Canadian mezzo Huguette Tourangeau, remembered for her powerful, almost baritonal chest voice, as well as for her stunning stage presence, was barely twenty when conductor Wilfrid Pelletier asked her to sing for his young colleague Zubin Mehta in the early 1960s. Pelletier had founded the Conservatoire de Musique du Québec à Montréal and was proud of the singers graduating from his school. The twenty-four-year-old Mehta was conducting symphonic concerts and opera productions as music director of the Montreal Symphony Orchestra at the time. He invited Tourangeau to sing Verdi's Requiem, and to make her professional opera debut as Mercédès in Carmen. Pelletier, who had worked at the Met as a rehearsal pianist and conductor from 1917 to 1950, also suggested that she prepare for the Met auditions. After she won those auditions, the stars were aligned. In 1964, Tourangeau landed the role of Cherubino at the Stratford Festival in Ontario. The conductor was Richard Bonynge. Tourangeau's auspicious meeting with the maestro was to be a turning point in her career. "My whole life has been like that," she says at our recent meeting in her airy, roomy apartment in the leafy West Island area of Montreal. "I happened to be at the right place at the right time." By 1965, she was touring with the Metropolitan Opera National Company, this time singing the roles of Carmen and Suzuki, and could not believe she was actually being paid to sing. "I was crazy with joy. I came from a very modest family, and it felt like money was falling from heaven — every week!" 

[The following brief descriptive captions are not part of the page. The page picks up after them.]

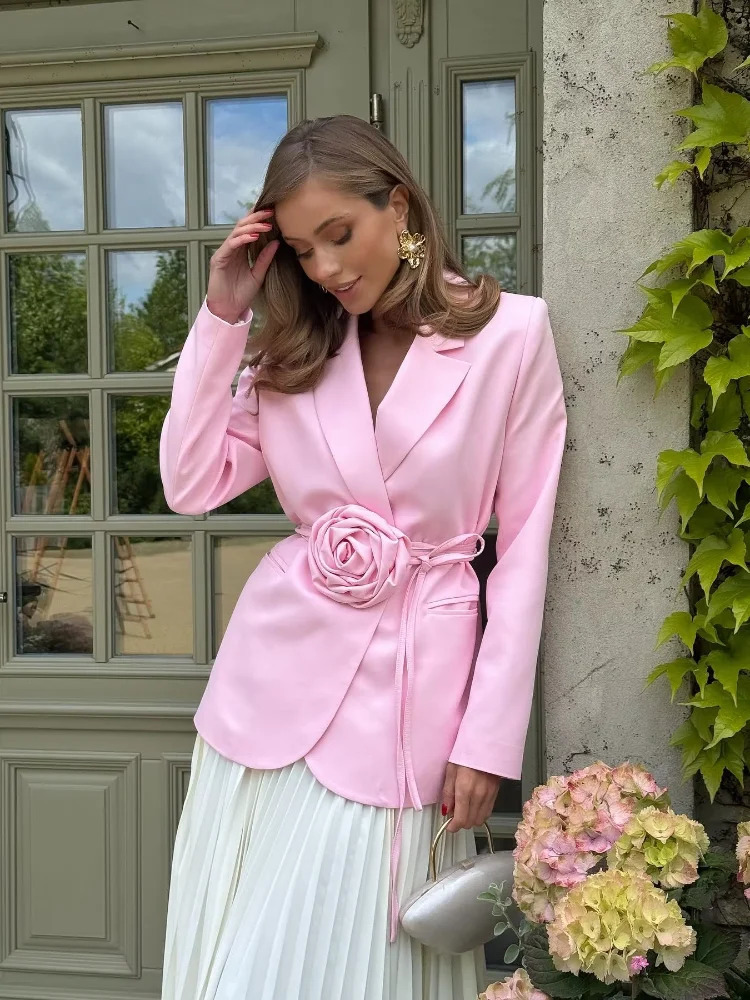 Elegant Flower Lace Up Blazer Women Solid Laple Pad Shoulder Long Sleeve Loose Coats 2025 Fashion Street Office Lady Outwears 250715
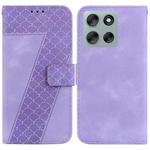 For Motorola Moto G56 5G / G66j 5G / G66y 5G Seven-shaped Embossed Leather Phone Case(Purple)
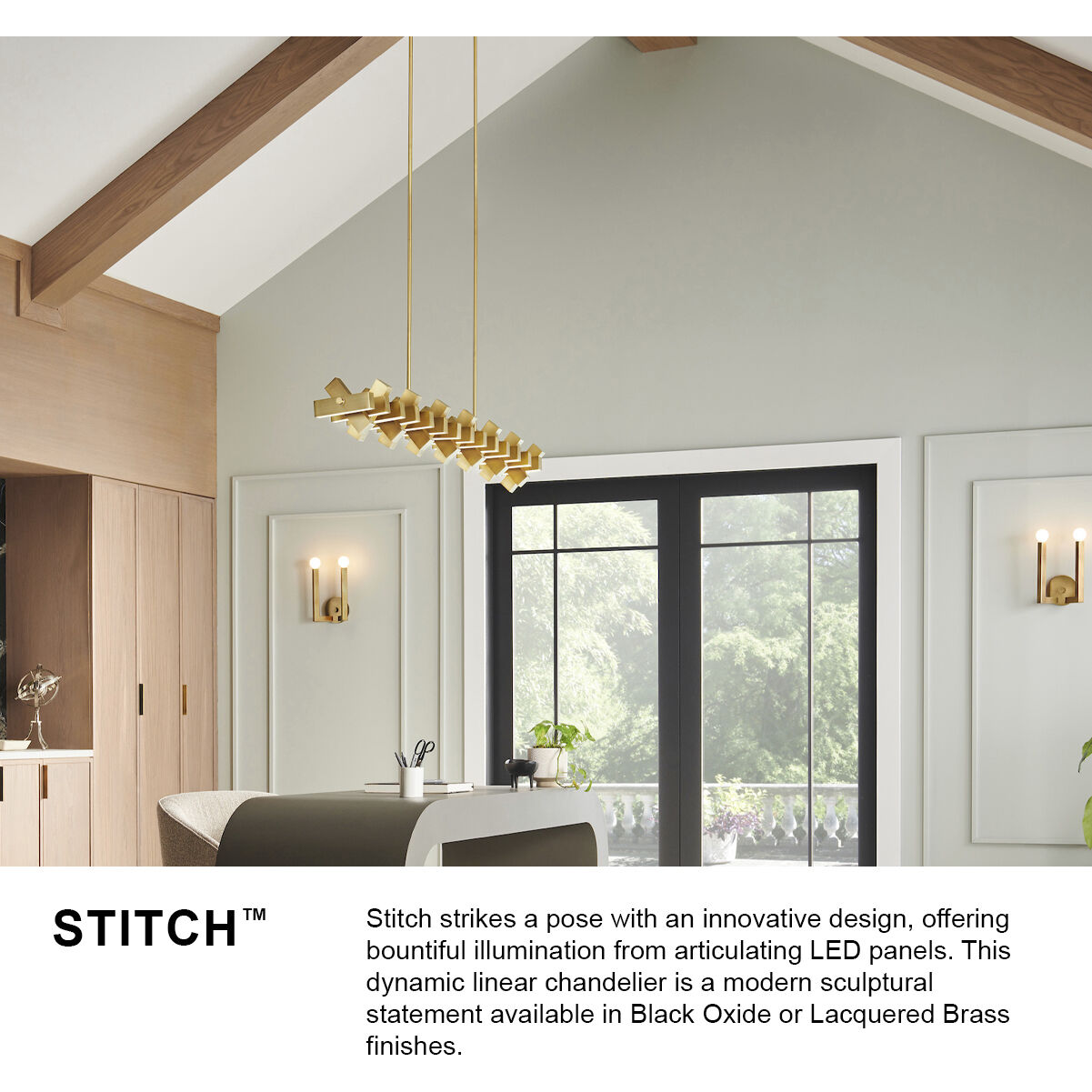 Stitch LED 58.75 inch Lacquered Brass Chandelier Ceiling Light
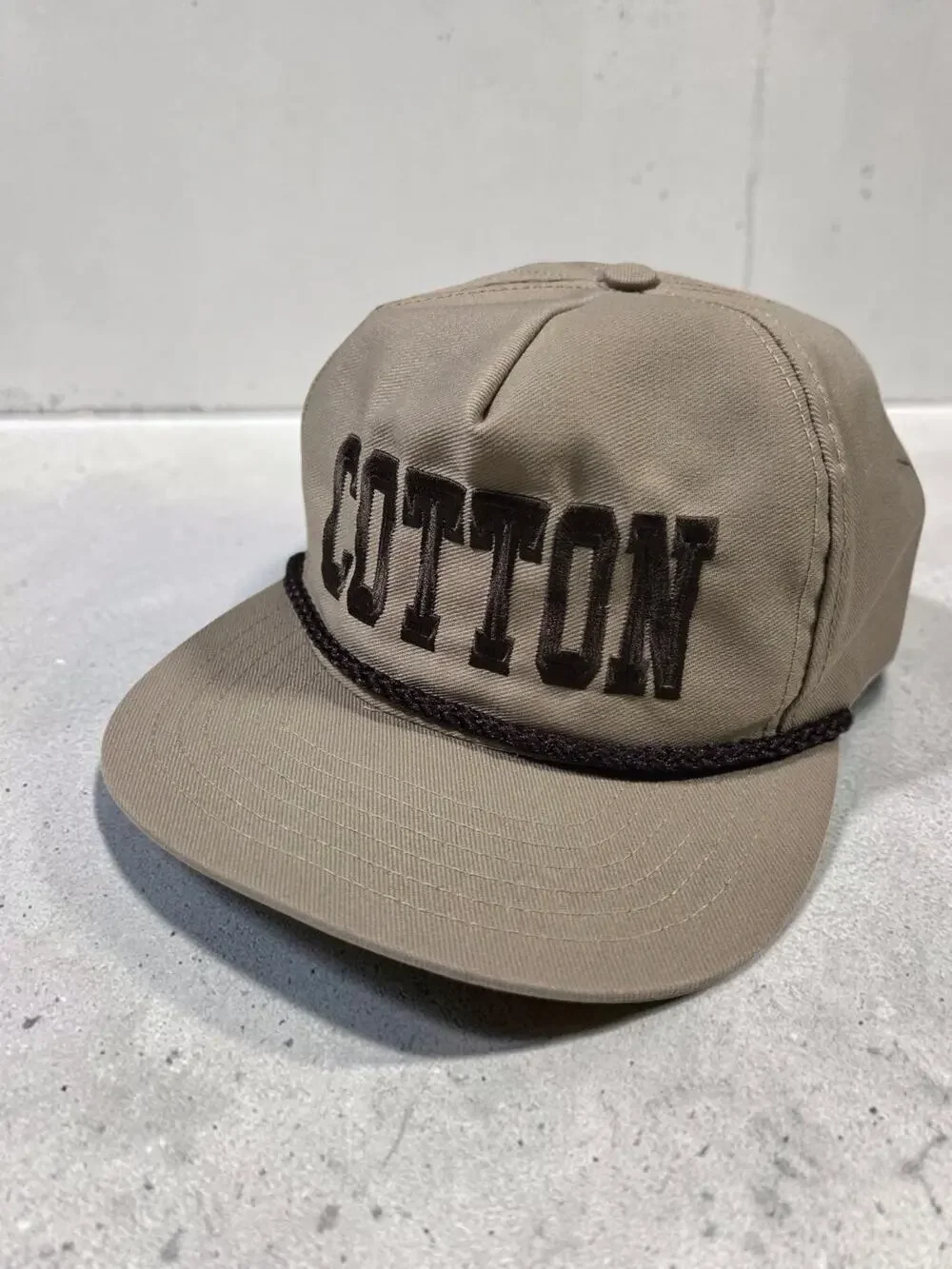 Vintage COTTON Snapback Hat Tan Brown USA Rope Embroidered Streetwear Unisex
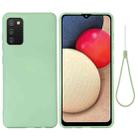For Samsung Galaxy A02s (US Version) Pure Color Liquid Silicone Shockproof Full Coverage Case(Green) - 1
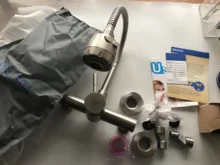 Kitchen Faucet Sink-Tap Mixers Wall-Mounted Stainless-Steel Double-Holes Flexible Swivel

After a successful tour of fifty-six U.S. cities with the Met, Tourangeau returned to New York and happened to meet Bonynge, who said he would like to hear her again. She was to sing a few days later in Carnegie Hall for Colbert Artists, soon to be her agents. Bonynge attended the audition and immediately asked her if she would be free to come to Seattle to sing Mallika to the Lakmé of his wife, Joan Sutherland. "Of course, I was!" she recalls. "Bonynge loved my voice because of the ample medium range and the very low register, which has been sometimes criticized. He liked the quality of our voices together, Joan and I, and he also liked the fact that I was so enthusiastic to take up challenges. The more difficult the part, the more quickly I learned it." At first, Sutherland and Tourangeau sang French operas together. Eventually, Tourangeau was invited to the Bonynges' home in Switzerland, where the conductor coached her for several weeks in other repertoire. Together they prepared a recording of Messiah and a solo album of Arias from Forgotten Operas by Auber, Balfe, Bizet, Donizetti, Vaccai and Verdi for the Decca label, both LPs issued in 1970.

In much the same way that he had done with his wife, Bonynge encouraged Tourangeau to tackle the coloratura repertoire. Up to that point, she had been heading toward heavier roles. "Richard told me, 'No, this is not your voice! Your voice is like that of the great contraltos of the early 1800s.' So he would play the music at the piano, ask me to sing it, and he actually made me realize that I could! He did not design any special vocal exercises for me, I was simply to repeat the ornaments after him." Bonynge wrote dizzying ornaments for the last aria in Messiah. Tourangeau learned them in two days, and they recorded the piece. The solo album was prepared the same way and recorded in only two days, in two three-hour sessions. Some of those forgotten gems were extremely difficult, and the ornaments Bonynge wrote included some very low notes. Recognizing the challenge to the voice, he arranged for the arias that required the use of her lower register to be recorded at the first session. Tourangeau fondly remembers that after each aria, the musicians of the Orchestre de la Suisse Romande would break into applause. "It's true! They rarely do that. They reacted to my low register!" A famous "singer's doctor" in New York, Dr. Leo P. Reckford, examined her and found that she had exceptionally long vocal cords — "like a cello," she laughs. 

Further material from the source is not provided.